__WHAT THE TASK REQUIRES__: Leaving the pictures aside, return all of the data below exactly.

__DATASET CONTENT__:
────────────────────────────────────────

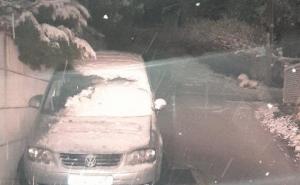 Zimske službe imale pune ruke posla, problem s nepropisno parkiranim vozilom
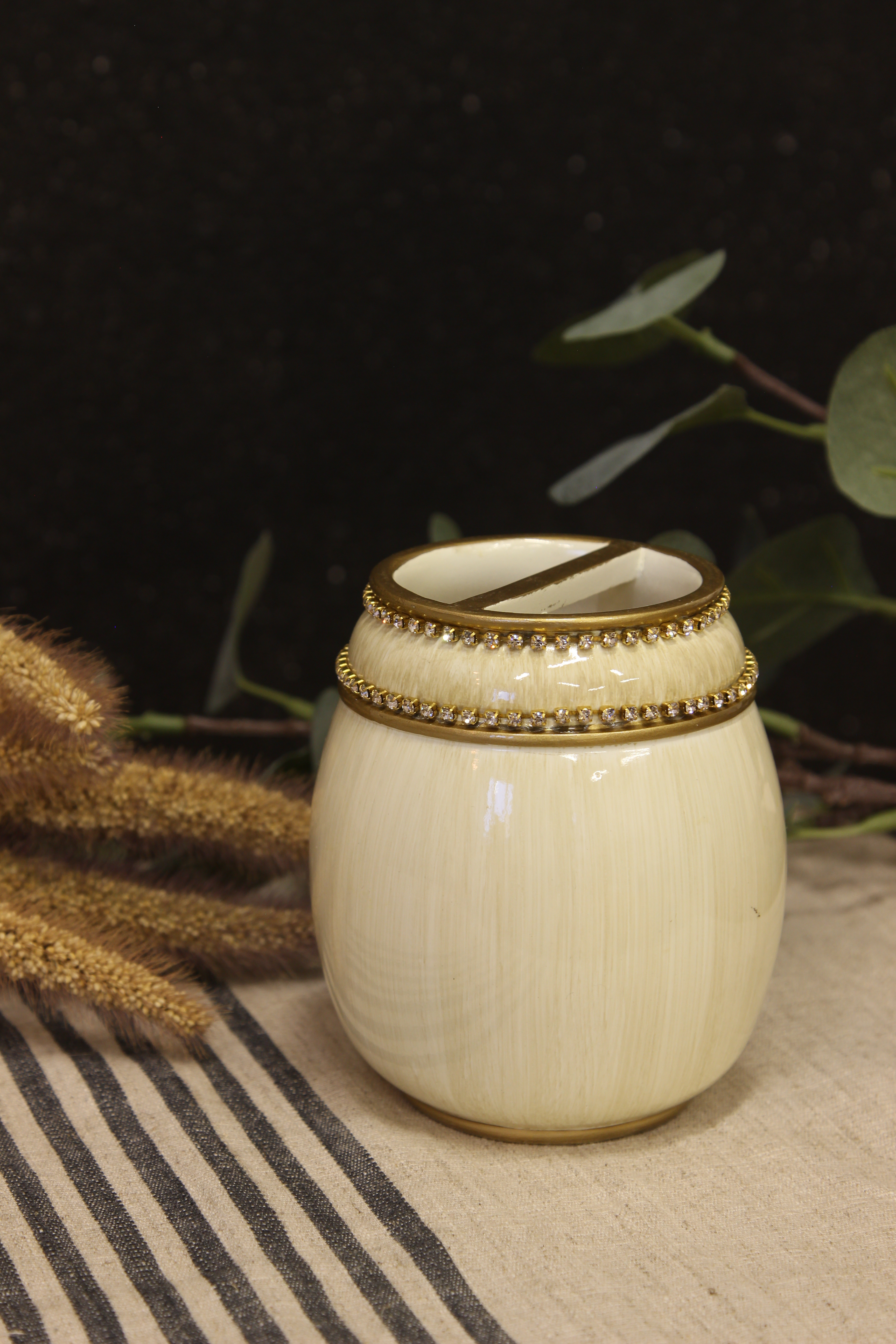 Стакан для зубных щеток Delphinium коллекция "Мираж", полирезина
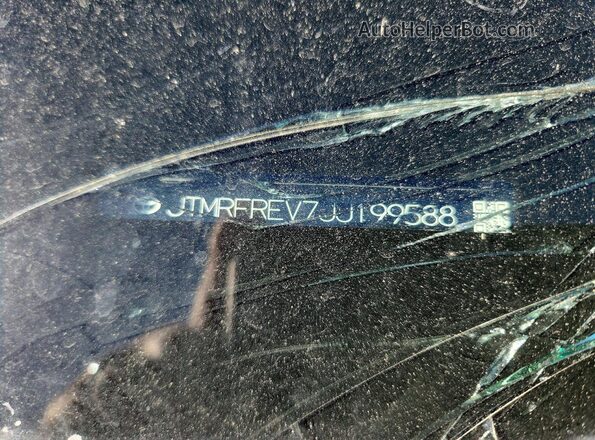 JTMRFREV7JJ199588 2018 TOYOTA RAV4 Silver VIN կոդի պիտակի տեսք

────────────────────────────────────────

__COMPLETED EXERCISE__:
 Zimske službe imale pune ruke posla, problem s nepropisno parkiranim vozilom
 Стакан для зубных щеток Delphinium коллекция "Мираж", полирезина
 JTMRFREV7JJ199588 2018 TOYOTA RAV4 Silver VIN կոդի պիտակի տեսք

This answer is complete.